Идеи христианства, которые с колыбели сознательно и бессознательно прививаются всем нам, и история всех идейных подвижников внушают такому осужденному отрадное сознание, что наступил момент, когда делается проба человеку, испытывается сила его любви и твердости его духа как борца за те идеальные блага, завоевать которые он стремится не для своей преходящей личности, а для народа, для общества, для будущих поколений.
Понятно, что при таком настроении никакой словесный или физический бой с шайкой сбиров 12 и заплечных дел мастеров немыслим. Ведь Иисус не сопротивлялся, когда его поносили и заушали. Всякая мысль об этом является профанацией его чистой личности и кроткого величия. {37}
Однако, несмотря на такое настроение непротивления, через полгода после разлуки с моим другом Людмилой у меня произошло столкновение с тюремным режимом, которое могло кончиться трагически.

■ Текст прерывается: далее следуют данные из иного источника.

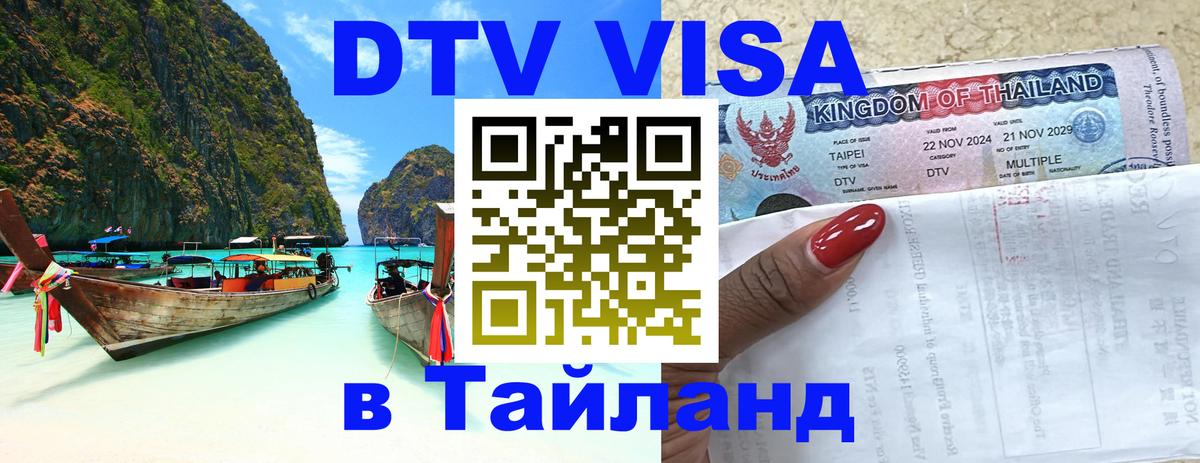 DTV Visa Thailand — прайс и условия, виза без дополнительных документов - 20.11.2025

Незадолго перед троицей, когда было уже 9 часов вечера и смотритель делал обычный обход тюрьмы, заглядывая в "глазок" каждой двери, Попов громким стуком из далекой камеры внизу позвал меня.
Я устала: томителен и долог ничем не заполненный тюремный день. Хотелось броситься на койку и заснуть, но не хватало духа отказать - и я ответила.
Однако, как только Попов стал выбивать удары, на полуслове речь оборвалась. Я услышала, как хлопнула дверь, раздались многочисленные шаги по направлению к выходу и все смолкло.
Я поняла - смотритель увел Попова в карцер.
Карцер был местом, о котором смотритель угрожающе говорил: "Я уведу тебя туда, где ни одна душа тебя не услышит".
Ни одна душа - это страшно.
Здесь, под кровлей тюрьмы, мы, узники, все вместе: в отдельных каменных ячейках все же кругом свои, и это - охрана и защита.